As mentioned previously, we must provide a value for epsilon which defines the maximum distance between two points. The following paper, describes an approach for automatically determining the optimal value for Eps.

https://iopscience.iop.org/article/10.1088/1755-1315/31/1/012012/pdf

In layman’s terms, we find a suitable value for epsilon by calculating the distance to the nearest ** n** points for each point, sorting and plotting the results. Then we look to see where the change is most pronounced (think of the angle between your arm and forearm) and select that as epsilon.
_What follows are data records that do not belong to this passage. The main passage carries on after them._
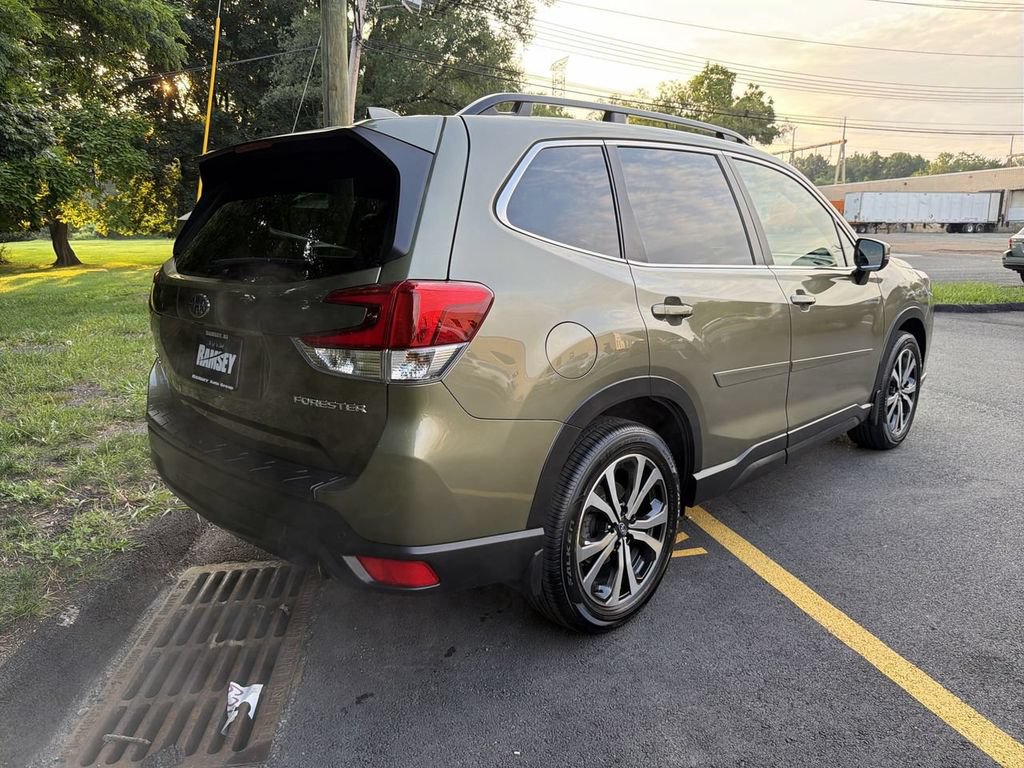 Certified 2022 Subaru Forester Limited AWD/4WD image 8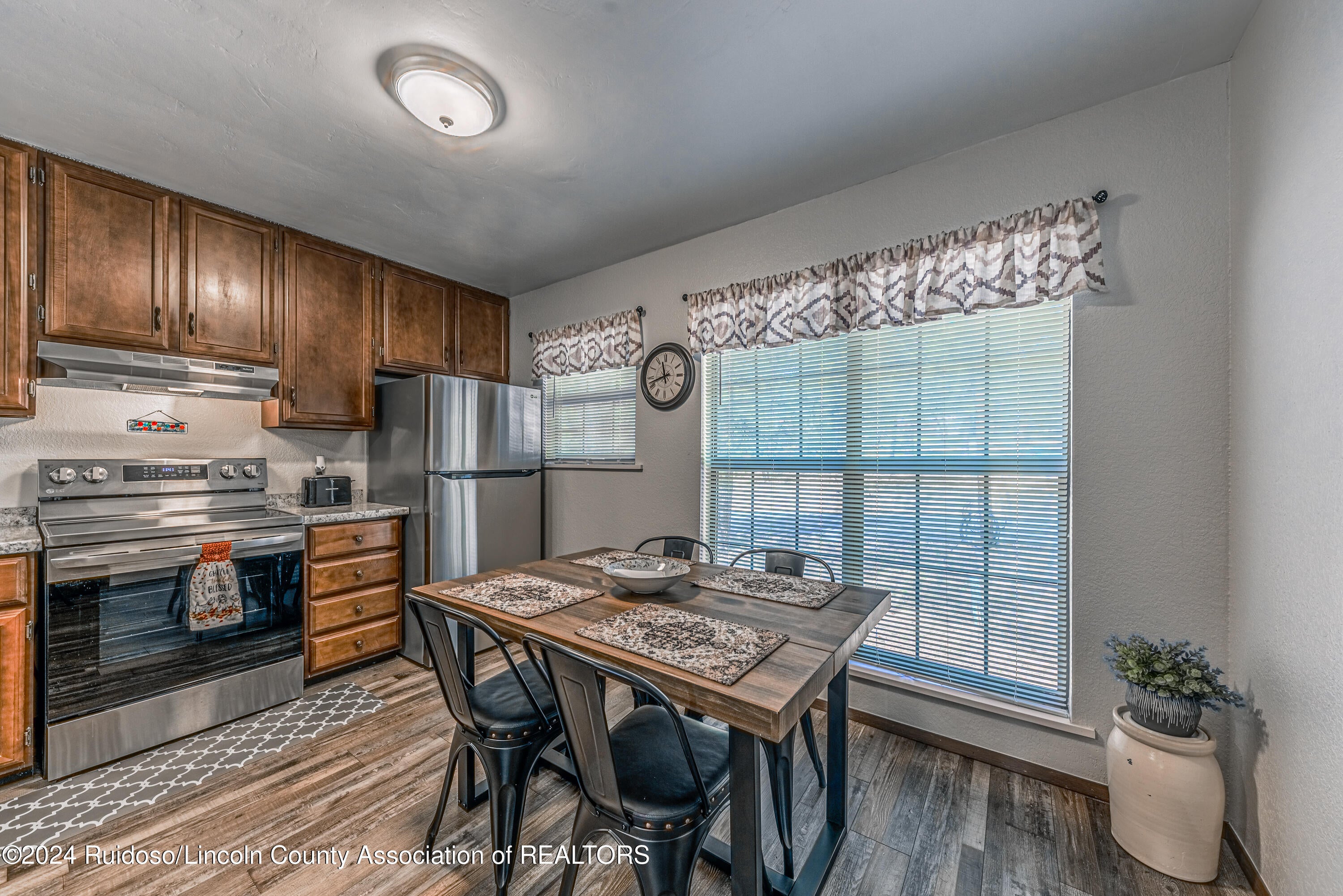 120 Lower Terrace Drive, Unit 15 Ruidoso, NM 88345 - Photo 13 of 42 120 Lower Terrace New-13
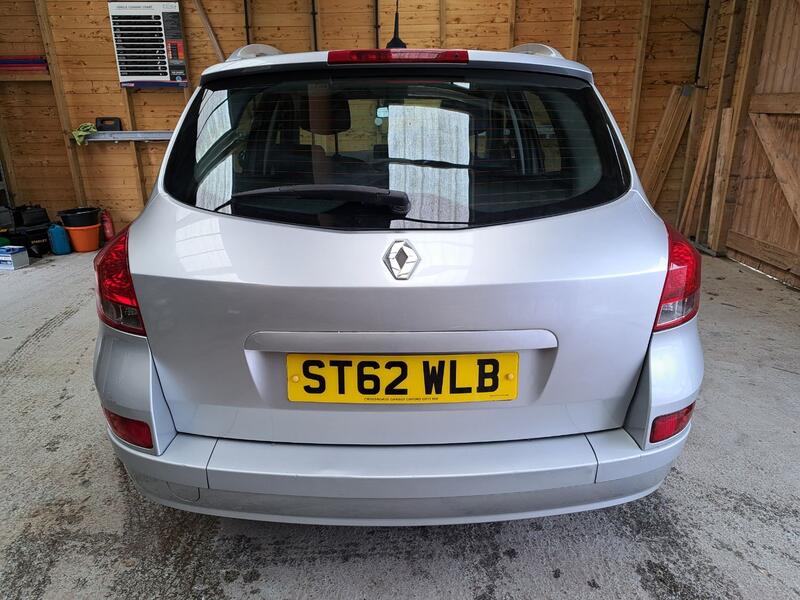 RENAULT CLIO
We can calculate the distance from each point to its closest neighbour using the `NearestNeighbors`

. The point itself is included in `n_neighbors`

. The `kneighbors`

method returns two arrays, one which contains the distance to the closest `n_neighbors`

points and the other which contains the index for each of those points.

`neigh = NearestNeighbors(n_neighbors=2)`

`nbrs = neigh.fit(X)`

`distances, indices = nbrs.kneighbors(X)`

Next, we sort and plot results.

`distances = np.sort(distances, axis=0)`

`distances = distances[:,1]`

`plt.plot(distances)`

The optimal value for epsilon will be found at the point of maximum curvature.

We train our model, selecting `0.3`

for `eps`

and setting `min_samples`

to `5.`

`m = DBSCAN(eps=0.3, min_samples=5)`

`m.fit(X)`

The `labels_`

property contains the list of clusters and their respective points.

`clusters = m.labels_`

Then, we map every individual cluster to a color.

`colors = ['royalblue', 'maroon', 'forestgreen', 'mediumorchid', 'tan', 'deeppink', 'olive', 'goldenrod', 'lightcyan', 'navy']`

`vectorizer = np.vectorize(lambda x: colors[x % len(colors)])`

The model classified the densely populated areas. As we can see, all the dark blue points were categorized as noise.

`plt.scatter(X[:,0], X[:,1], c=vectorizer(clusters))`

### Final Thoughts

Unlike k-means, DBSCAN will figure out the number of clusters. DBSCAN works by determining whether the minimum number of points are close enough to one another to be considered part of a single cluster. DBSCAN is very sensitive to scale since epsilon is a fixed value for the maximum distance between two points.